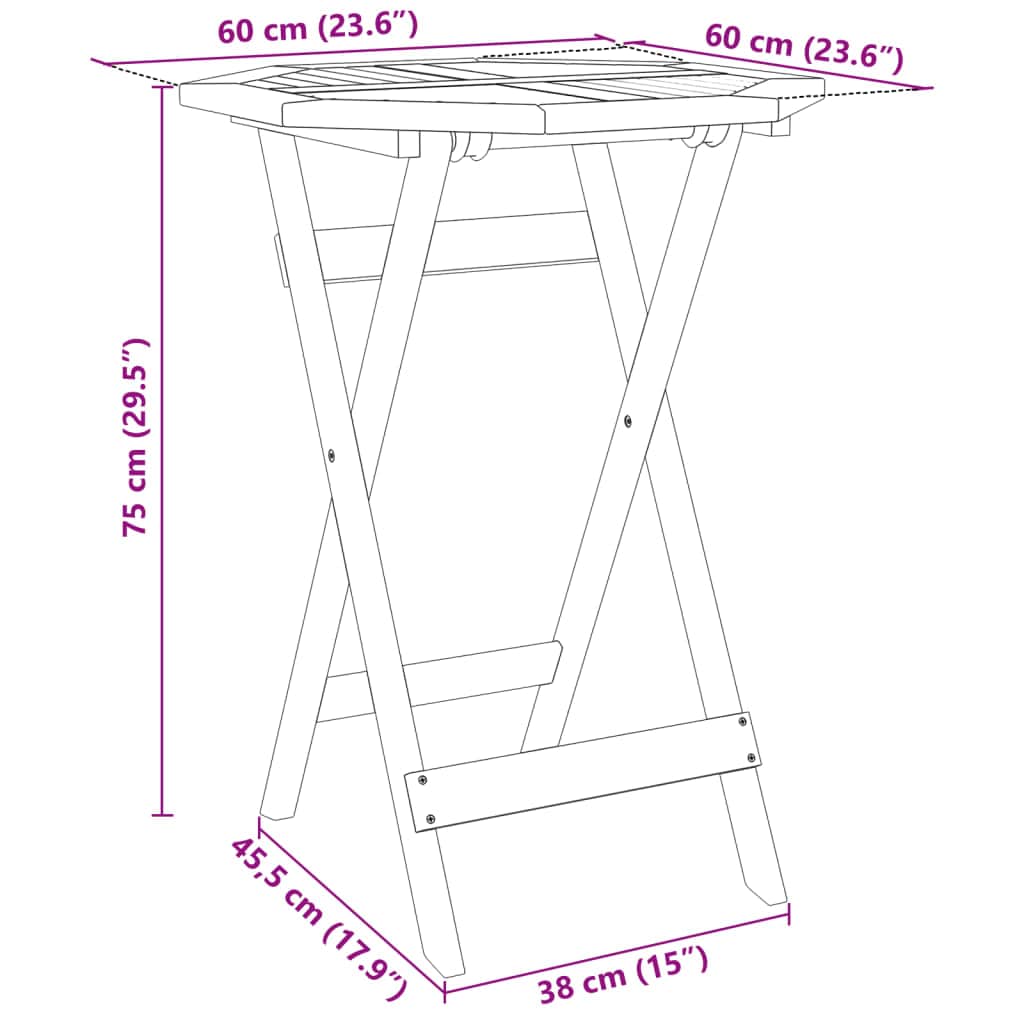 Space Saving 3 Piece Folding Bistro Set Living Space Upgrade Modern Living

======

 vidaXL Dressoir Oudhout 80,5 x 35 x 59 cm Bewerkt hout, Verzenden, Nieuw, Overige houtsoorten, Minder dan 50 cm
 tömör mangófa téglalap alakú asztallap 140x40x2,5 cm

======

◆ PROBLEM TO SOLVE ◆
Using the listing above, copy exactly the line that contains "vidaXL Dressoir Oudhout", the line that contains "tömör mangófa téglalap", and each line that falls between them.

◆ OUTPUT FOR THIS EXERCISE ◆
 vidaXL Dressoir Oudhout 80,5 x 35 x 59 cm Bewerkt hout, Verzenden, Nieuw, Overige houtsoorten, Minder dan 50 cm
 tömör mangófa téglalap alakú asztallap 140x40x2,5 cm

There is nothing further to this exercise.